Results tagged ‘ baseball ’
Clearing things up …
For the past hour or so, I have been talking – more arguing – with someone about my blog titled “Utley, NOT Pujols, is baseball’s most popular player.” Basically, a St. Louis Cardinals fan and myself engage in an argument about whether Chase Utley’s numbers are inflated because of the park he plays in. His side was that his numbers were inflated because of Citizens Bank Park, mine was that the park doesn’t matter on why Utley has such great numbers.
Let’s just say, it got pretty heated.
But that’s what happens when you get into arguments as fans, you take one side and you stick with it, maybe to a point where what you say doesn’t make sense or you forget what the argument is all about. That’s what I think happened between the two. I think we were having a good little debate until both of us just decided to start attacking each other with words, looking back on it, it was pretty funny.
This individual pointed something out to me after the argument. He pointed out that my blog didn’t exactly say what I intended it to mean. I’m not entirely sure, but maybe since he was a Cards fan, he thought that I was saying that Chase Utley was the best player in the game and that was the point of the blog. I’m not entirely sure what he thought I meant because what we arguing didn’t even had much to do with the actual blog itself, but he did make me realize that what I was trying to say may have come across as something else.
That entry was my way of saying a few things about the MLB All-Star game:
First: It’s a popularity contest, and no one can say otherwise. You know for a fact that you vote for your favorite players, and that doesn’t always mean the best player or the player most worthy of making the team.
Second: The idea of the All-Star game is to showcase the league’s best players, and I was trying to show that giving the fans a voice in the matter eliminates that idea.
Fans, including myself, don’t give their vote to players they don’t like even though they may be more worthy of making the roster. I used an example of Barry Bonds, no matter how great he is doing, I would never give him a vote. Say a few years ago, by the All-Star game, he was batting .400 with 35 home runs and 90 RBIs, I would not vote for him because my dislike for him. He would get in without a doubt, but it wouldn’t be because of me.
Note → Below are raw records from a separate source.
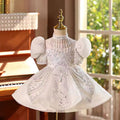 Elegant White Girl Princess Dress Tulle For Kids 1st Birthday J784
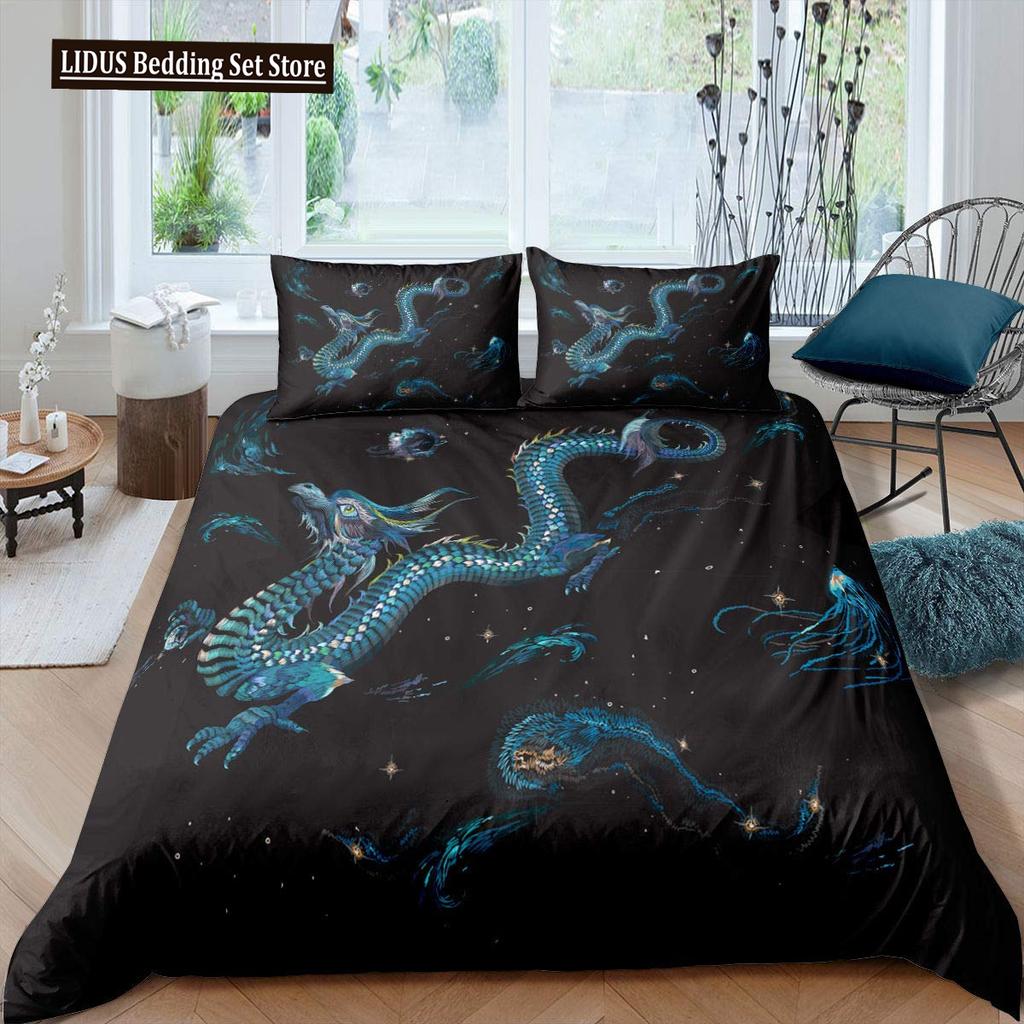 Red Base Black Dragon Print Duvet Cover Set Chinese Dragon Pattern Bedding Sets Full Size Microfiber 2/3 Pieces Comforter Sets
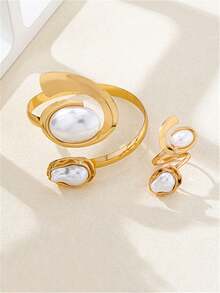 2pcs/Set New European & American Geometric Ring & Bracelet Set, Minimalist Elegant Fashion Bangle Rings Jewelry Suit For Wedding, Party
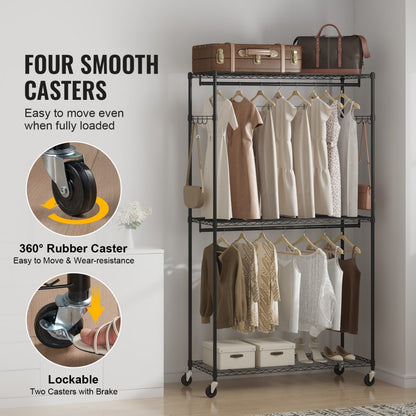 YC0002 - Heavy Duty 400 lbs VEVOR Rolling Clothing Rack with Adjustable Shelves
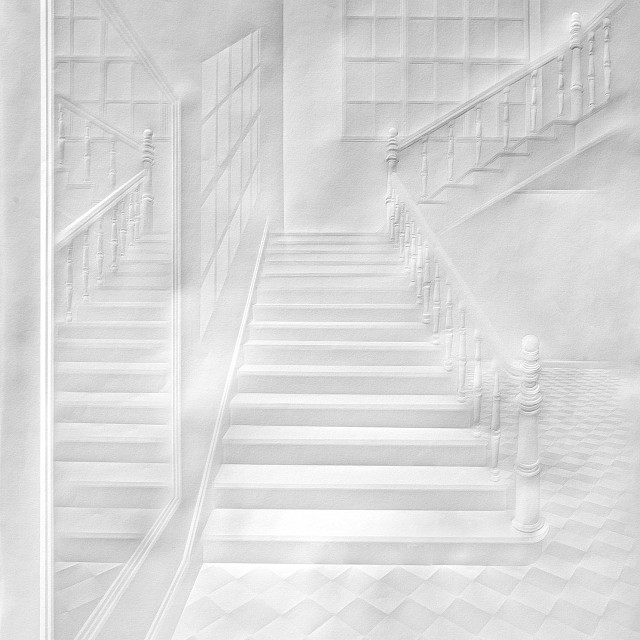 o.T. (Treppe mit Spiegel und Licht)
I also used an example from this year: Jimmy Rollins is leading the ballots as shown in the results from the latest polls. As much as I love J-Roll, he isn’t worthy of the starting spot for the All-Star team. I tried to say that Hanley Ramirez or Miguel Tejada was more worthy of it because they are having way better seasons.
But Rollins is leading the way because he’s more popular at least in Philly, but I highly doubt that just Philly gave them all those votes, if so, that’s impressive in itself.
Third: This is where I think it may have been taken out of context. From the latest voting update that MLB has released, Chase Utley has the most votes out of all National League players, even more than Albert Pujols. From the title, you’d probably think that I was trying to say that Utley is better than Pujols.
I wasn’t.
Utley not only is the most popular player, he is
the best player at his position and arguably the best in the league,
although I’m not making that argument.
From that sentence, you could have assumed that I was trying to make an argument for him being the best player in the league. Although you could make one for him, I was not making that argument nor was it even relevant to the point that I was trying to make.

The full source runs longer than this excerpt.